Quando o governador Ricardo Coutinho disse em seu discurso no Teatro Santa Roza, durante anúncio de obras para a Capital, que o “Estado estava se reencontrando com João Pessoa”, o blog registrou que a frase havia incomodado alguns “cassistas”, inclusive, os que estavam na platéia.Dias depois, no Conexão Arapuan, o governador recorreu à semântica para explicar que não foi omisso quanto ao governo Cássio, seu aliado de maior peso político. “Reencontrar significa encontrar de novo”, disse o governador, encerrando o assunto, em grande estilo.

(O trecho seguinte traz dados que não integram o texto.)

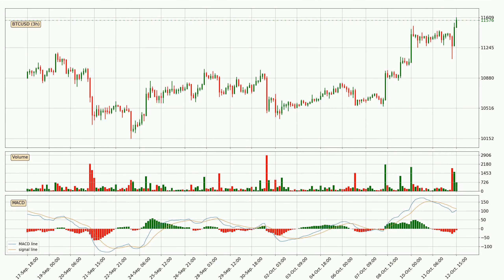Generally, the bigger time frames have a bigger impact on the price, so please keep that in mind when we show different time frames with contrasting indicators. Also, the shorter time frames are only representative for short-term trading.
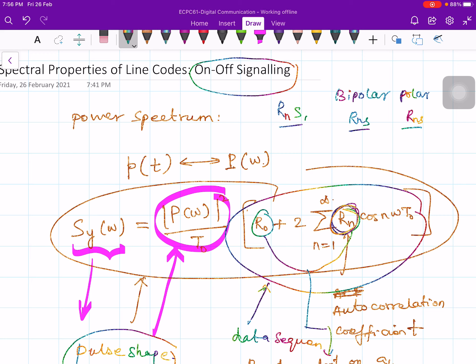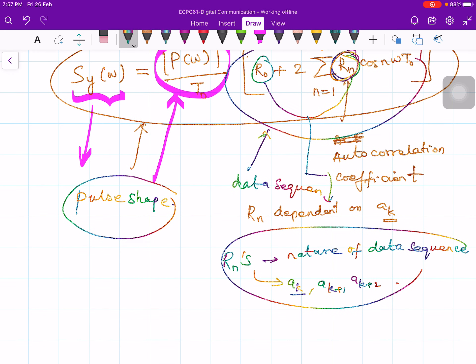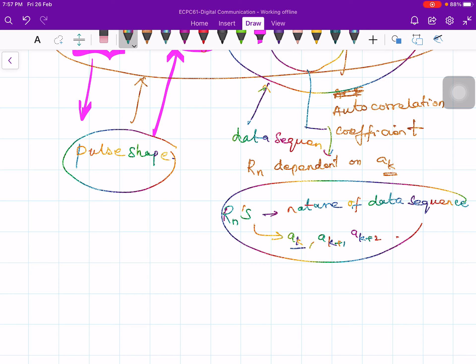This possibility of manipulating the power spectrum by changing the properties of the autocorrelation function or data sequence is what gives us different line coding schemes. For on-off line coding, we get one type of Rₙs; for bipolar, we get another set; for polar signal, yet another set. Different line coding schemes, by virtue of the manner they exploit relationships between 1s and 0s — which ones are inverted and which are not — determine the values of Rₙ. We do not have control over the data sequence itself, but we can control how to represent or manipulate it, and in turn control the power spectrum of the transmitted signal.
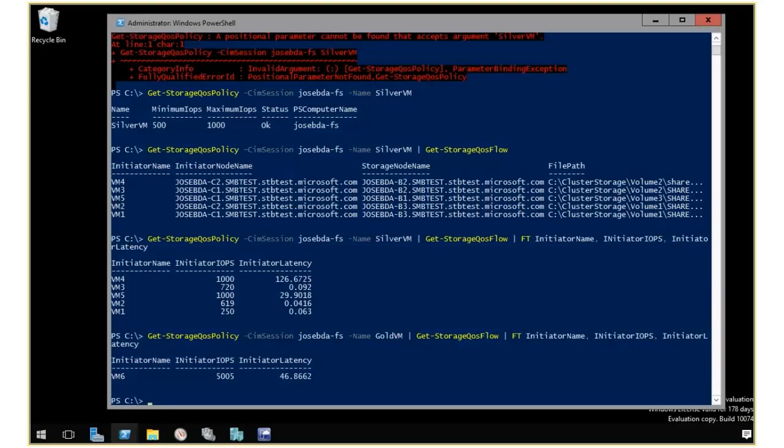This was a quick summary of how we can create policies and query policies and current flows using Windows PowerShell.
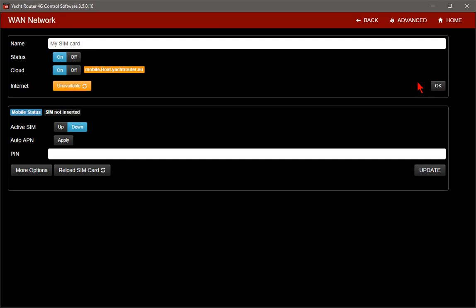If your SIM card is equipped with PIN number, you can enter it here. We strongly recommend that you remove PIN protection on any SIM card that you plan to use with the Yacht Router. The easiest way to remove PIN is to insert SIM card into your phone and disable PIN number. You cannot remove PIN from inside Yacht Router.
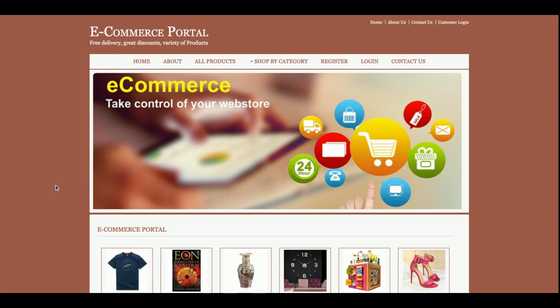Hello friends, welcome again. This is my new project — an e-commerce portal developed in Java, JSP, and MySQL. I am currently running this project on the Tomcat server, but if you have NetBeans or Eclipse, you can also configure this project on those IDEs.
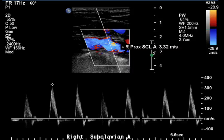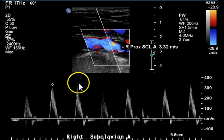This is an ultrasound study of bilateral carotid arteries. The first image demonstrates the right proximal subclavian artery. This is a normal triphasic waveform, and perhaps even a quadraphasic waveform.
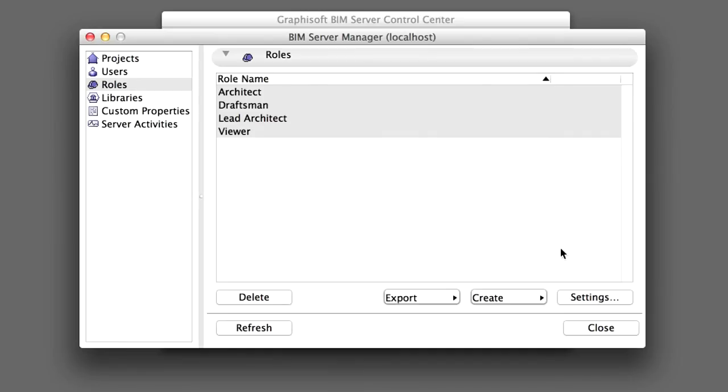In this chapter you have seen that the BIM Server Manager provides predefined roles out of the box that can be used right away in a Teamwork environment.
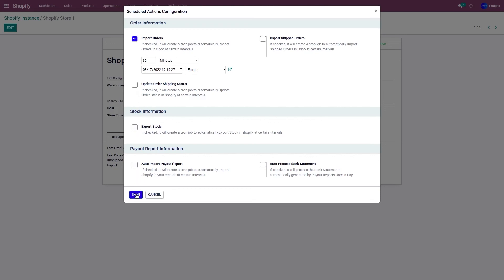When importing the orders, if a product is not available in Odoo, it will automatically create the same product in Odoo as well. You should also make sure that when importing orders, all the financial status and workflow settings have been configured. To set up financial status, workflow, and payment gateway, you can refer to the payment gateway and financial status video mentioned in the description.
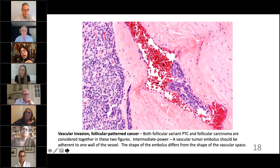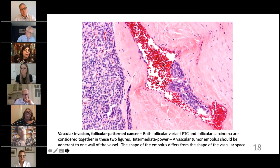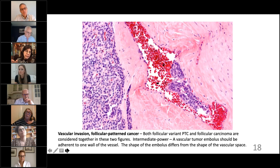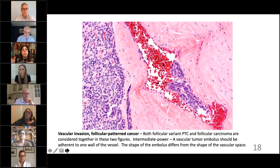The emboli are basically stuck onto the wall of the vascular space, and the shape of the emboli is very different from the shape of the vessel. That's important because more often what we really see is retraction artifact. The reason for discrepancies between pathologists — if one person says yes and another says no — is that there may be an over-reading of retraction artifact.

A propaganda oficial, no entanto, enganou-o, ao reforçar, mesmo que de leve, a velha tese de que “os governos” não fizeram isso ou aquilo, misturando, como proíbe o ditado, alhos com bugalhos. Tanto que, agora, não foram os “cassistas”, mas o próprio senador Cássio a reclamar.
Não é a primeira vez que Cássio faz isso. Reclamou quando ficou do lado de fora numa audiência como o ministro da Integração Nacional, enquanto muitos queriam que ele brigasse pela UEPB, Sindfisco e São João de Campina.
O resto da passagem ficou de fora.